It's a good thing for that too, because Dead Space 2 is way more action packed and hectic now. You will find yourself constantly being swarmed by enemies, in much larger rooms than the tight hallways you're used to. Each encounter ends with that classic sigh of relief, once more feeling like you survived by the skin of your teeth, with lack of ammo reserves and medipacks to prove it. All in all, the gameplay is a huge step in the right direction for the series. I must also mention that Isaac's kinesis ability is much faster and precise, making Kinesis Impalement much more viable. I never used it in Dead Space 1, but I find myself constantly picking up limbs and tossing them into enemies to save myself the ammunition, and trust me, you'll want to save as much as you can for the brutal final chapters.
The game comes in a variety of different difficulties, from the noobish Casual, to the noobish Normal (yes, normal is still easy), the regular Survivalist (I would say this mode constitutes as the normal setting), and the hard Zealot, and the ridiculous unlockable Hardcore modes (limited to 3 saves, no checkpoints, less ammo, harder monsters, a true test gaming pride). Thankfully, there is a New Game+ feature once you finish on any mode, so going into the harder difficulties isn't as bad when you have the best suits and weaponry (assuming you found them all on your first run, of course). I think it's probably necessary for the harder settings of the game, actually. Unless you're a Hyper Knee Warrior.
Dead Space 2 is highly replayable due to the unlockable suits, harder difficulties, and that completist mentality of wanting to upgrade all your stuff. I know I keep going back for more as I try the harder levels, and continually grow stronger. The campaign will last you about 10-12 hours on your first run, and probably along the lines of 5-6 hours on your play throughs after that. If you were one of those people that played through Resident Evil 4 about seven-hundred times (I'm raising my hand here), then you're probably going to spend a lot of time with Dead Space 2 as well.
I'm not much a technical chump when it comes to graphics, so I always have a difficult time figuring out what to say about them. Do I know if they're super leet or if they are like zomg direct x version 25? No, not really, but I can safely say that I love the presentation. It's prettier than the first one, for sure, and shows off more variety too. No longer constrained to the USG Ishimura, Visceral Games went ahead and made more interesting areas to explore such as a dark, and enigmatic Church of Unitology, a day care center, which is hands down the scariest, creepiest part of this entire adventure, and plenty more.

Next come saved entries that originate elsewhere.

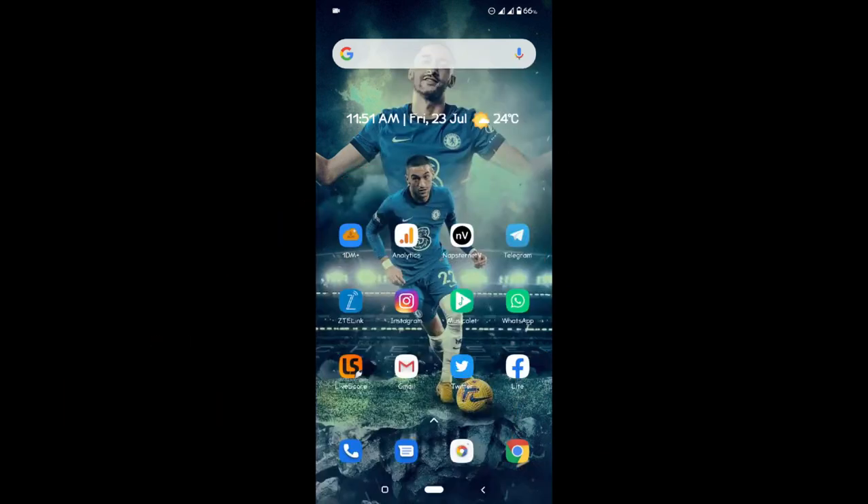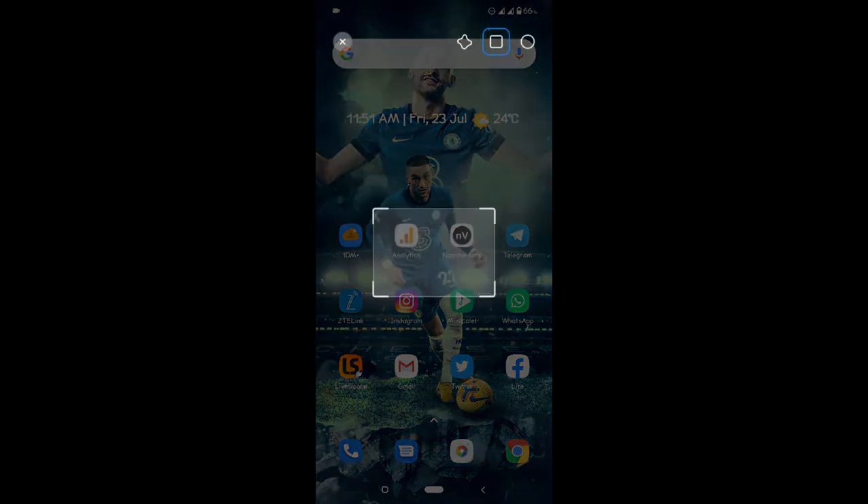Then you head over to the app you want to take the screenshots of. Here I will be taking the screenshots of my home screen. So you just place your three fingers on your screen simultaneously, and then you have this option with the animation showing.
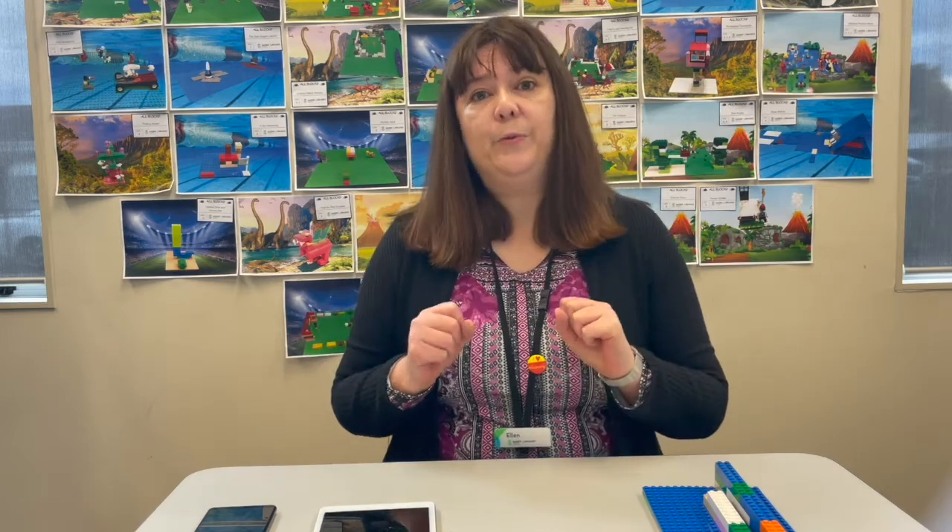You can use anything for stop motion — Lego, toys, cut up bits of paper, or anything you've got lying about the house. To create a stop motion, we take the object that we're using and move it bit by bit, taking a photo each time. At the end we put the photos all together using an app and it looks like the object is moving, which is pretty cool.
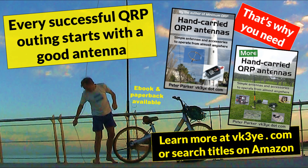Do you want to get the most from your portable QRP operating? Good antennas is a great place to start. Find out how I succeed with my two books: Hand Carried QRP Antennas and More Hand Carried QRP Antennas. They're big sellers with favourable reviews from all around the world. To learn more, visit vk3ye.com or search the titles on Amazon.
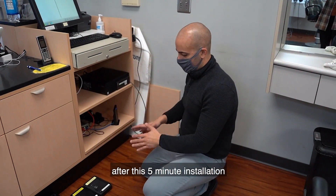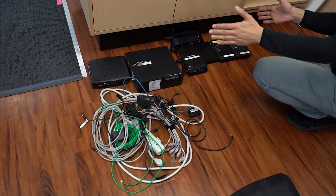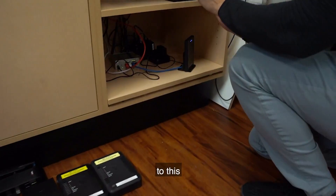After this five-minute installation, you're gonna go from this to this.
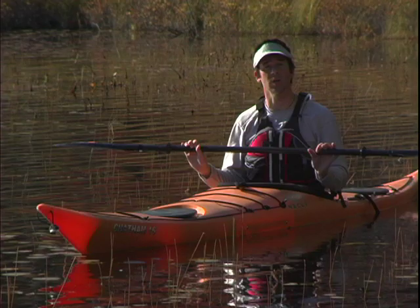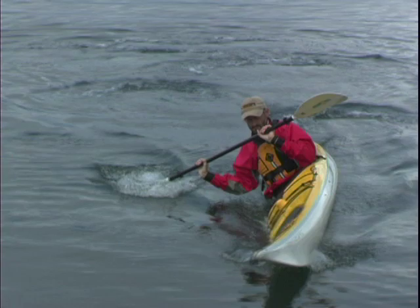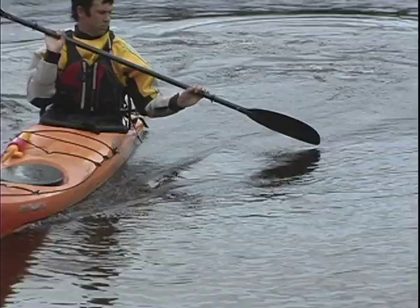The high brace lean turn is virtually the same as the low brace lean turn, only you'll be using a high brace for support and you won't use the same reverse sweep motions. Instead, you'll plant your high brace out to the side of your kayak, just behind your hip and with a climbing angle on the blade.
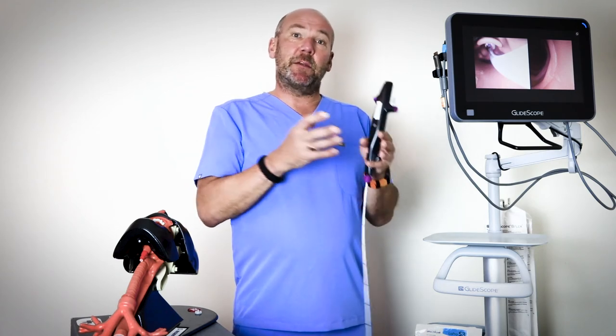In terms of double lumen tube placement, it's an all-in-one system for that as well — you can use a video laryngoscope blade to place the tube and then use the bronchoscope to check the position of the tube, without having to change over systems.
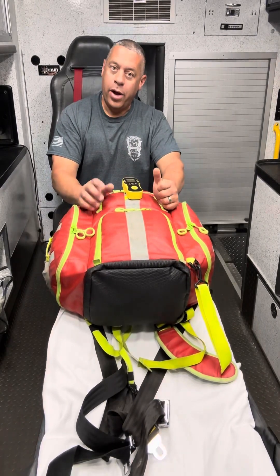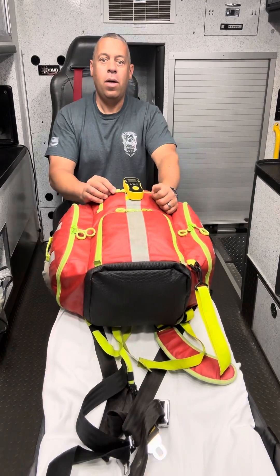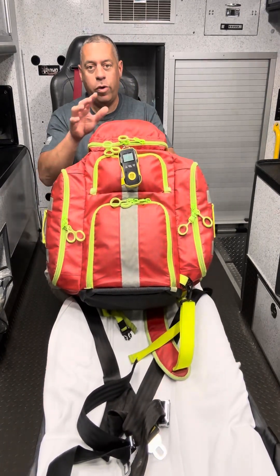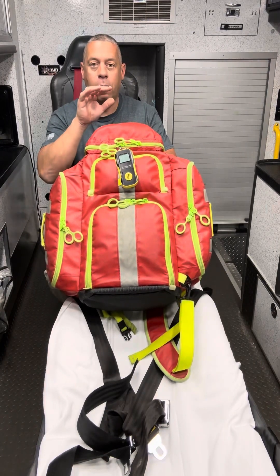Hi, I'm Justin Lima. I'm a paramedic and the EMS captain here at Harmony Fire Department. I'm here today to talk to you about our StatPak G3 Plus Profusion Bag, which is what we use currently for our first-in bag.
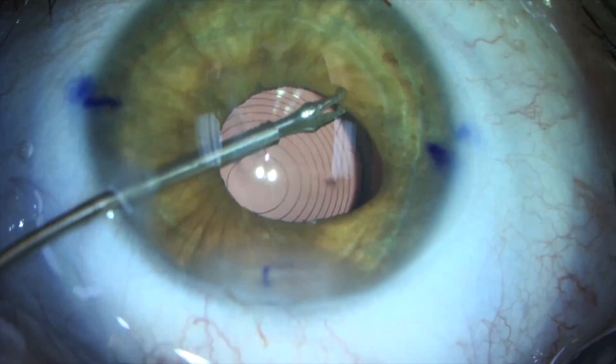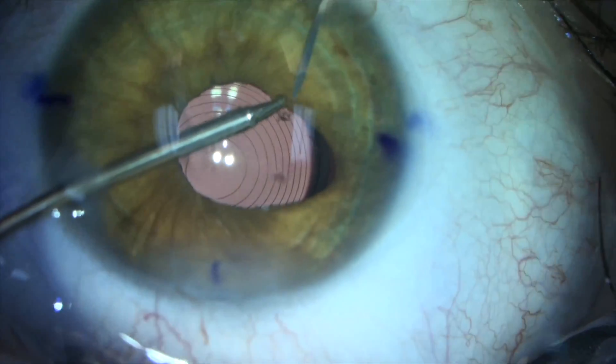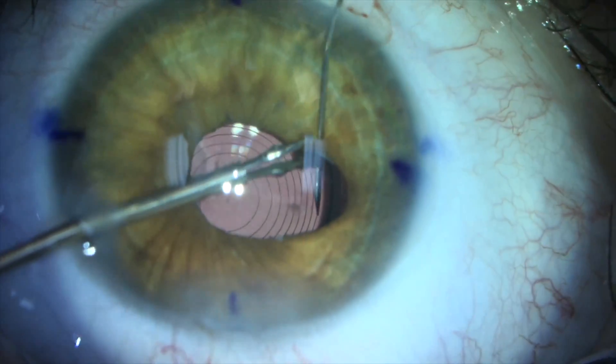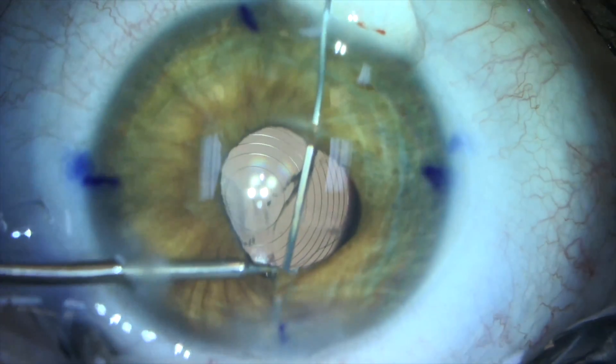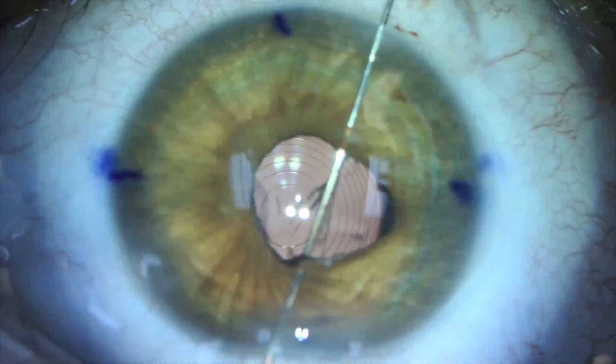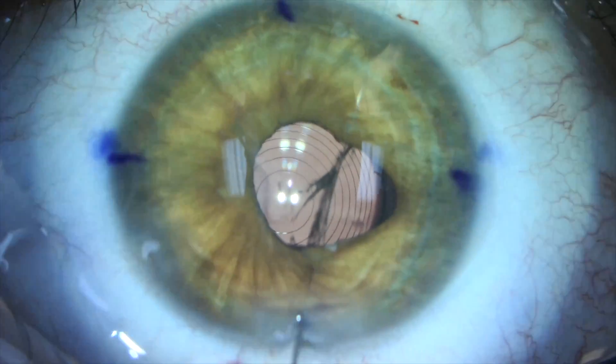Micro forceps stabilize the iris in the area of the torn iris sphincter. The suture needle is passed as close to the edge of the iris as possible. Too close to the edge and the iris may tear as the needle is passed. Passing the needle too far from the pupil edge will not create an optimal cosmetic result.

Let's get into how the sounds of Dead Space 2. Once again, Visceral did a great job with voice work, and one thing you'll notice in particular is that Isaaac is no longer a mute. Before playing, I thought this would bother me, but from his first moment of dialog, I actually preferred him this way. He's funny, genuine, flawed, and just a downright cool dude. That had to be mentioned. Then of course there's the atmospheric music, the random noises of pipes dropping and random bursts of steams blowing around. DS2 managed to get a fear-jump out of me a great many times, even a few times on my second run. I shake my fist at you for scaring me, Visceral, but at the same time, I applaud you!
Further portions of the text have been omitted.